But how close to the real thing can you really get? How satisfying can these fleshy simulacrum truly be? And, more importantly, how have a tribute band devoted to the biggest fan phenomenon in recent history managed to roll with the punches of a key member leaving? In search of answers, I headed to the bright lights of Fleet, Surrey, where the Only One Direction would play that evening.
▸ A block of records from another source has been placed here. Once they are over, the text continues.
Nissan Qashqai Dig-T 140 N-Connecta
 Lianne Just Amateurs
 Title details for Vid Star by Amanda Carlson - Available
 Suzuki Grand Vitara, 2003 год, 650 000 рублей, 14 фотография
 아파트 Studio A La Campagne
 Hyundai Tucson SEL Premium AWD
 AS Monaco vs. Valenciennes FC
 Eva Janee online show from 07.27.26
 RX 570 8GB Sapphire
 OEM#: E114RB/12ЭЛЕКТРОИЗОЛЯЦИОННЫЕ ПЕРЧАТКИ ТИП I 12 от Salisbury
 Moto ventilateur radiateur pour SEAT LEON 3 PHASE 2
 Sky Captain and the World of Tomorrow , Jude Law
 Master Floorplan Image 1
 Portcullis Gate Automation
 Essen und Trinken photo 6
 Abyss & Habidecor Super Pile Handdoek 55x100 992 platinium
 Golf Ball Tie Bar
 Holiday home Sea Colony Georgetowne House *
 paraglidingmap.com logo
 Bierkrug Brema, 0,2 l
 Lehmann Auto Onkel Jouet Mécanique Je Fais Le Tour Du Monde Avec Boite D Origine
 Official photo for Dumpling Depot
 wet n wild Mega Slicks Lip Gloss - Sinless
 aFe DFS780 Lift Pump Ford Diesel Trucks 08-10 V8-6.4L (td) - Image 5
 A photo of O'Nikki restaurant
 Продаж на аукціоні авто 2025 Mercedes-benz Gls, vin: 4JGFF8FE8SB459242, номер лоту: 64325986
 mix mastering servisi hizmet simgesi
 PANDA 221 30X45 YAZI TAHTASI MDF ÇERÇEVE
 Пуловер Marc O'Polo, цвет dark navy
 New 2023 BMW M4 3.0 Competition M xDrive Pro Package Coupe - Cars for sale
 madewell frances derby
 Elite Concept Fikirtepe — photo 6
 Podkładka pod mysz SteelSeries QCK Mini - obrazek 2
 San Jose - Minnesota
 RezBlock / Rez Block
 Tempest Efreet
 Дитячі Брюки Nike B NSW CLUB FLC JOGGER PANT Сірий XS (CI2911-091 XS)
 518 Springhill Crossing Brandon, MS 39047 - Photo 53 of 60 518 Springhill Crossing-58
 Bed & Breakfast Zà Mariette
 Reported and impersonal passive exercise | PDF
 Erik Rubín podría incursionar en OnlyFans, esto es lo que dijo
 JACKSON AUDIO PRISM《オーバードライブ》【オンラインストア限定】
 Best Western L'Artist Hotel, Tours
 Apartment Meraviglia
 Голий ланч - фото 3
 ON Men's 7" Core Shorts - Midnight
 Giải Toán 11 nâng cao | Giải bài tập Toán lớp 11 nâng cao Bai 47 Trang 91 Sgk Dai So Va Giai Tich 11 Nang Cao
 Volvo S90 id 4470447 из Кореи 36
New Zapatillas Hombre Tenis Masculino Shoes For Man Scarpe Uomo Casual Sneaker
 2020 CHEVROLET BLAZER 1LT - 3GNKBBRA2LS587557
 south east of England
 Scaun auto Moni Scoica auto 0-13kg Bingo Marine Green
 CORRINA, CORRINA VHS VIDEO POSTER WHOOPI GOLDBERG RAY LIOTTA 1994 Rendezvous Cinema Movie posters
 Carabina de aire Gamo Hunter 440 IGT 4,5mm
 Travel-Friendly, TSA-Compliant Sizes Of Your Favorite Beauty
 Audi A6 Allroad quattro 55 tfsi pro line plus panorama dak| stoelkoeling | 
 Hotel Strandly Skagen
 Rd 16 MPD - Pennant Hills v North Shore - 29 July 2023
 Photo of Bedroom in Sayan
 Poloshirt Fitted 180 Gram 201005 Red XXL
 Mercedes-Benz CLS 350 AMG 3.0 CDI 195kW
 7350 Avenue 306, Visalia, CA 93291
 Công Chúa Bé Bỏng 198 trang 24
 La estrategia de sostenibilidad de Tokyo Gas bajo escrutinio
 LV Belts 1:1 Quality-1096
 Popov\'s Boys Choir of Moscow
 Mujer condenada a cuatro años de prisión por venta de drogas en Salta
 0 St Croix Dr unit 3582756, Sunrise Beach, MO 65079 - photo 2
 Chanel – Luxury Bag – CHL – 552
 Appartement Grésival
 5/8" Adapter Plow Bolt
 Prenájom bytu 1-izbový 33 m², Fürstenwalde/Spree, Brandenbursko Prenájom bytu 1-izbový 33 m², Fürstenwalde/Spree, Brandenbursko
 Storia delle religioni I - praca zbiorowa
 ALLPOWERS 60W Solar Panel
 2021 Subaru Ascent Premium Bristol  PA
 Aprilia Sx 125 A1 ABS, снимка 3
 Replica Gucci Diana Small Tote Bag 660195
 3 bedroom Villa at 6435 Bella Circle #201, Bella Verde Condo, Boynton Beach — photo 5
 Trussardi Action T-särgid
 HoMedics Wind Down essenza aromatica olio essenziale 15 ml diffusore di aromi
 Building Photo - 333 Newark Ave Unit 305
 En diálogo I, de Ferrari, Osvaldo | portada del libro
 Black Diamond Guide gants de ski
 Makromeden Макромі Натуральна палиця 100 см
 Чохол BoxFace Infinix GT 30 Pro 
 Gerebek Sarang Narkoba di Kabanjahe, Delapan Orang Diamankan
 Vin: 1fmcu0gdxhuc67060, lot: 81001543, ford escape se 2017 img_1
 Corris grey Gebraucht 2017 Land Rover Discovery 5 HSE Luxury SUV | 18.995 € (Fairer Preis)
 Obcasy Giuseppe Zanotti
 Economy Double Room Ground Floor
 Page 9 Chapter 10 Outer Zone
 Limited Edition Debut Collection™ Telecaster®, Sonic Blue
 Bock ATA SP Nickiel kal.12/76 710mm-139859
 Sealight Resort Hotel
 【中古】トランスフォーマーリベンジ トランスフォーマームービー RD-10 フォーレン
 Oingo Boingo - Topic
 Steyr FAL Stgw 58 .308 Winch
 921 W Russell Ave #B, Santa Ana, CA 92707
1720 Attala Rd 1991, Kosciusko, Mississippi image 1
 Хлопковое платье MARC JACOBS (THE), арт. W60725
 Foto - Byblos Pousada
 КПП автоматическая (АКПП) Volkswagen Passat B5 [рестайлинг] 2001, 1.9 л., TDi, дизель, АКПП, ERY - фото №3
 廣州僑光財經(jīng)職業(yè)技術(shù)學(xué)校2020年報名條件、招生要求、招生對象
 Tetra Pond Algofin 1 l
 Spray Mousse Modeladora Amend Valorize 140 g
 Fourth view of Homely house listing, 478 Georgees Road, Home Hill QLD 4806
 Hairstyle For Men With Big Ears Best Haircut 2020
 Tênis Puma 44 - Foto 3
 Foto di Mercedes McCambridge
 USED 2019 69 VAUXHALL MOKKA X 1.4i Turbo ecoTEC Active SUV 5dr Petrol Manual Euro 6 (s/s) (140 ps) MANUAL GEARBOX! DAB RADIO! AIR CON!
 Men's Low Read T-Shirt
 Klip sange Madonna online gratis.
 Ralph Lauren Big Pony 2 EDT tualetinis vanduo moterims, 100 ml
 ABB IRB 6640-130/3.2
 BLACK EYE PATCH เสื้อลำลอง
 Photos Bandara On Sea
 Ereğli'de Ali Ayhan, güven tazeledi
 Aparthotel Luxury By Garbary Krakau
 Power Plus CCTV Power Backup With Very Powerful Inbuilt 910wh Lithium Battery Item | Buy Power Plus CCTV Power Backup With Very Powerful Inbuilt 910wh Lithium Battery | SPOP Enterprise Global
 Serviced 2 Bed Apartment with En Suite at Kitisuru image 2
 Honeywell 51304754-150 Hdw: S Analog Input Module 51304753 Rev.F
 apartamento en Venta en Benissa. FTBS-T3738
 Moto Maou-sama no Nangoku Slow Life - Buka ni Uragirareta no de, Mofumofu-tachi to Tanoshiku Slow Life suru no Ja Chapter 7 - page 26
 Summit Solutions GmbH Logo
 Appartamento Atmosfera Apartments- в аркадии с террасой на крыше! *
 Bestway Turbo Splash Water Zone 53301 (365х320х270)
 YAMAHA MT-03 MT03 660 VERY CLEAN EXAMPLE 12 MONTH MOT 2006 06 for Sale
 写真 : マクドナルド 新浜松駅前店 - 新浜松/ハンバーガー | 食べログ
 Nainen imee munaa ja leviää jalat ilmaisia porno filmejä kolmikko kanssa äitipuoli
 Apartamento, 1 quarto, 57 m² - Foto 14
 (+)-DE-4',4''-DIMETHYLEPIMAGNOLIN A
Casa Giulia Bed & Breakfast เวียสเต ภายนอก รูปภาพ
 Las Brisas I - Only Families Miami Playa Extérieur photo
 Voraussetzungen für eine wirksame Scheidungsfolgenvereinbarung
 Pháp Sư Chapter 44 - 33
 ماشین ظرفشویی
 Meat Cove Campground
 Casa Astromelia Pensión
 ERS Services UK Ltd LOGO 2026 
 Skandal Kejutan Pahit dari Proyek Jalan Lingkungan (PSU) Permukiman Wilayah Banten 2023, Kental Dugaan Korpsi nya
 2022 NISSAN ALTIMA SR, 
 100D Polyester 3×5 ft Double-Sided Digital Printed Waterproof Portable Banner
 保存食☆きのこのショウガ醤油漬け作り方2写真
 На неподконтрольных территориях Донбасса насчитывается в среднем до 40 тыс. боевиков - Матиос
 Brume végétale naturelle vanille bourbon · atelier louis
Fleet is a satellite town like any other. It has all the basic urban essentials, like Greggs and a Subway, bog-standard housing developments with faux-pastoral names like Larkfleet and Edenbrook, and it’s home to families with 2.4 children and respectable parents who commute to their managerial jobs in the capital. At 4 PM, I’m sat in The Harlington, an entertainment centre that feels like every local leisure centre you’ve ever visited, waiting to meet the five best impersonators of the five biggest boys in pop.

Continued below.

All remaining photos by Jake Lewis

In a turn of irony that wasn’t lost on anyone, I’ve been told by their manager that Tribute Zayn cannot be photographed or named, because he’s landed a major label deal in real life and will hopefully be leaving the tribute band to launch a genuine solo career. Drawing any attention to his present circumstances could harm his future image, even though they have loads of pics of him all over their social media. Still it seems like Zayn has gone, and Fayn is soon to follow.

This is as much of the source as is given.